Whores speak in slant rhymes. The syntax of sex work takes many forms. It is at once direct, askew, total metonymy, embodied metaphor. Constructing a fantasy is labor: our bodies collude or rebel. We mystify and are mystified in every moment of refusal or capitulation, negotiating risk in any moment. Our work and our refusal of work throws the value of time, bodies, and exchange into crisis. The dominant grammar, as we know it, cannot account for these crises.

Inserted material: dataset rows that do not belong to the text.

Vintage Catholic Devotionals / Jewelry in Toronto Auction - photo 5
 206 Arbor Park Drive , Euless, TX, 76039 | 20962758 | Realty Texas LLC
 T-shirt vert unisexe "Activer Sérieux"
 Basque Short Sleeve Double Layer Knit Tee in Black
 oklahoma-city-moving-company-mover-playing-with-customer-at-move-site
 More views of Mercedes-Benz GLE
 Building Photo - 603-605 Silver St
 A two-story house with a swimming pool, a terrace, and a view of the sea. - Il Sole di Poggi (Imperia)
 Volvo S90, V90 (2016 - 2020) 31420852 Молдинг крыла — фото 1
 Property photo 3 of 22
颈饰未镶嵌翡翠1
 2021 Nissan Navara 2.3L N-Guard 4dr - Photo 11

Our bodies bear them. We must work in many genres to register the crises we produce, and the crises we survive. It is in the heart of these crises we find each other. We articulate them often in jokes, often in tyrades, often in gossip, often in support circles, often across Blacklist platforms. We must document what we know, because otherwise what we know will be crushed: the intimate knowledge that law nor history can possibly confront.
Elastic Anthology bears this intimate knowledge. Our poems are psychedelic forms of journalism. Our manifestos come from the gut. When there are no words, we snap photos at the end of a shift, an hour, a night, an overnight. The mirror is often our closest comrade. If we are lucky, we are working with friends, who show up imprinted in our psyches. We remember in flashes: tattoos, thread counts, bruises, minutes passing. Magic isn’t anything other than being able to make something appear, that has been rigorously disappeared. Whores are the tear in the reality. The veil is thin. It is in our hands.
Contributions from Vanessa Carlisle, Mer Starr, Squiggles and Sluts, Evie Vigil, Aria Dove, Mata Flores, Aasir Cherot, Xue Shen, Skeleton Johnson, and Brandy-Alexander Weber.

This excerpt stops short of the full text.